Planning for the unexpected

Posted on Friday, September 8, 2017

Water cascades down Dr. Penfield and onto McTavish in Jan. 2013, after a broken water main caused massive flooding in Montreal’s downtown core.

Mass notification systems among tools that have emerged to keep campuses safe

By Julie Fortier

Convocation is an important milestone in the life of university students and their loved ones and is meant to be memorable. The June 3, 2014, ceremony of McGill’s Faculty of Arts, however, is memorable for unusual reasons.

The Convocation tent set up every year on lower campus for the spring ceremonies almost collapsed that day due to a powerful thunderstorm that brought heavy winds and rain. The tent had to be evacuated, leading to confusion and frustration when the ceremony resumed in a smaller location that could not accommodate all guests.

“We were prepared to deal with incidents like a protest or a disruptive person in the crowd or on stage, for example, but we had not expected a weather event that could affect the stability of the tent,” says Hugo Bourcier, Emergency Preparedness Officer, who was part of the security operations team at the time.

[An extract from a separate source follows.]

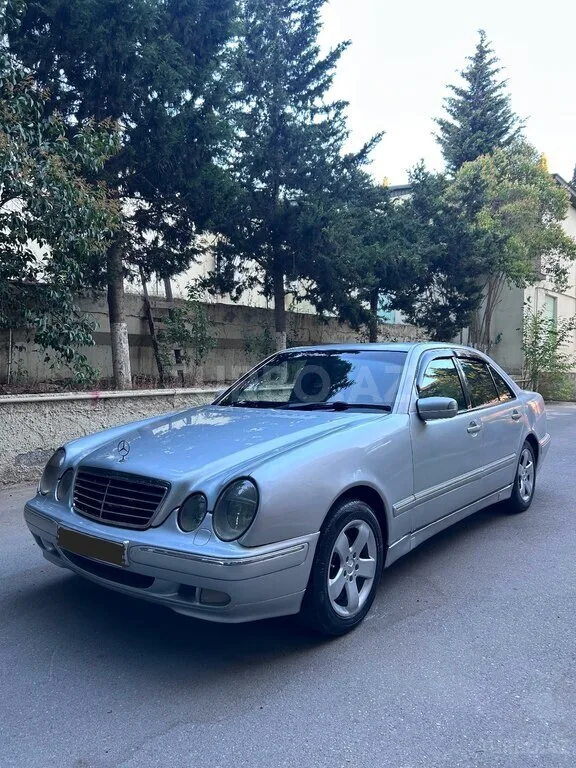 Mercedes E 220 — фото 3/4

A committee involving several units now meets every year prior to Convocation to discuss procedures should an unforeseen disruption occur.

Though emergency management teams try to plan for the unexpected, “the unexpected changes,” says Emergency Planning Officer Sarah Delisle, mentioning vehicular attacks as an example of new threats the University now has to take into account. “The downtown campus is a large open space, accessible to members of the public and tourists,” she says. “Being located close to the Premier’s office also puts the downtown campus at risk of getting spillover effects from protests held nearby,” as happened during the student protests of 2012.

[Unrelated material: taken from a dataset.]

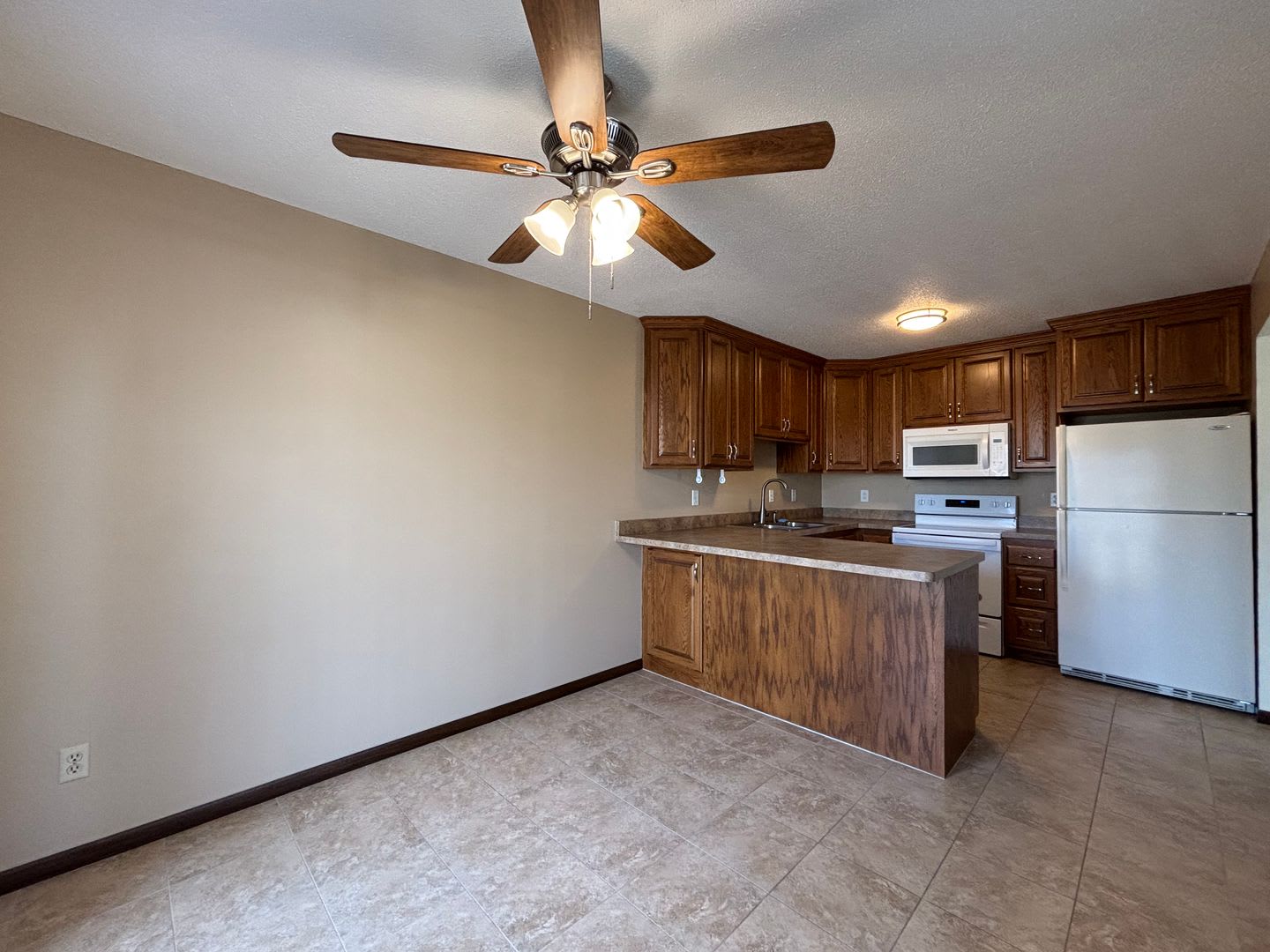 Great 3 BR/2 BA Townhome in Vadnais Heights! – photo 2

“Current events definitely dictate how people react and how people prepare,” adds Pierre Barbarie, Director of Campus Public Safety (CPS), who has been at McGill since 2000 and witnessed a dramatic change in mentality after the Virginia Tech mass shooting in 2007, which left 33 people dead.

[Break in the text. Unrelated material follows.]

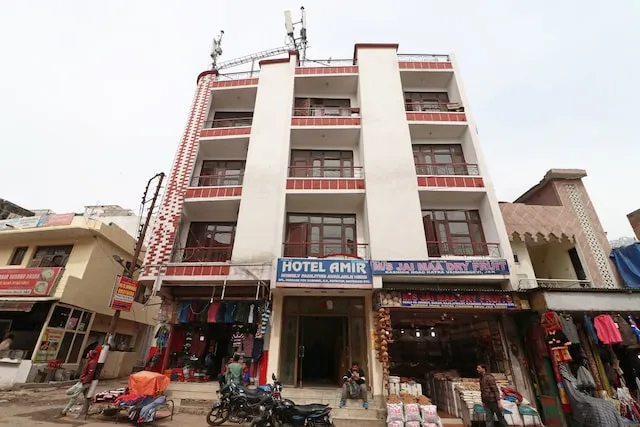 OYO 29009 Hotel Amir
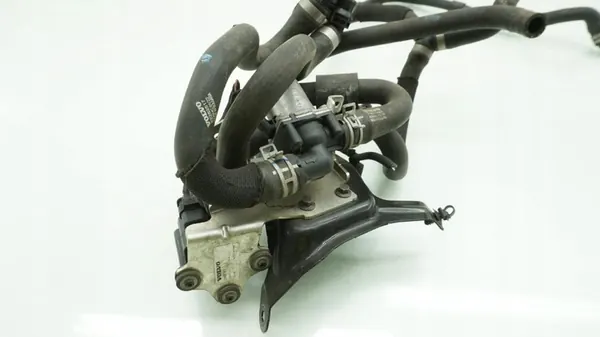 VOLVO V60 II 2.0 Vattenpump 31657307 MILD HYBRID image 2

“[Universities] went from a reactionary mode to a proactive one, including McGill. It led to an acknowledgment from the whole university community that there was a need to increase security and safety measures and a need for planning, preparedness and training,” Barbarie adds.

Tried and tested tools

To prepare for and manage emergencies, McGill uses the Incident Command System (ICS) and has an established Emergency Operations Centre (EOC). These two structures are used all around the world by emergency responders such as fire and police departments.

During an emergency, McGill responders set up an Incident Command Post to manage the event on the ground. If the emergency threatens the normal operations of the University or if additional resources are needed, the EOC is activated to provide strategic direction and support. Several key units – from Student Life and Learning to communications – are represented at the EOC to ensure a coordinated response across the University. All Incident Command and EOC responders receive training through regular tabletop exercises or functional drills.

“The flood on McTavish St. in 2013 was our first real test of these structures and they proved very successful,” Barbarie says. “Of course the flood caused a lot of damage, but people worked around the clock and because they were trained, everything that needed to be done was done.”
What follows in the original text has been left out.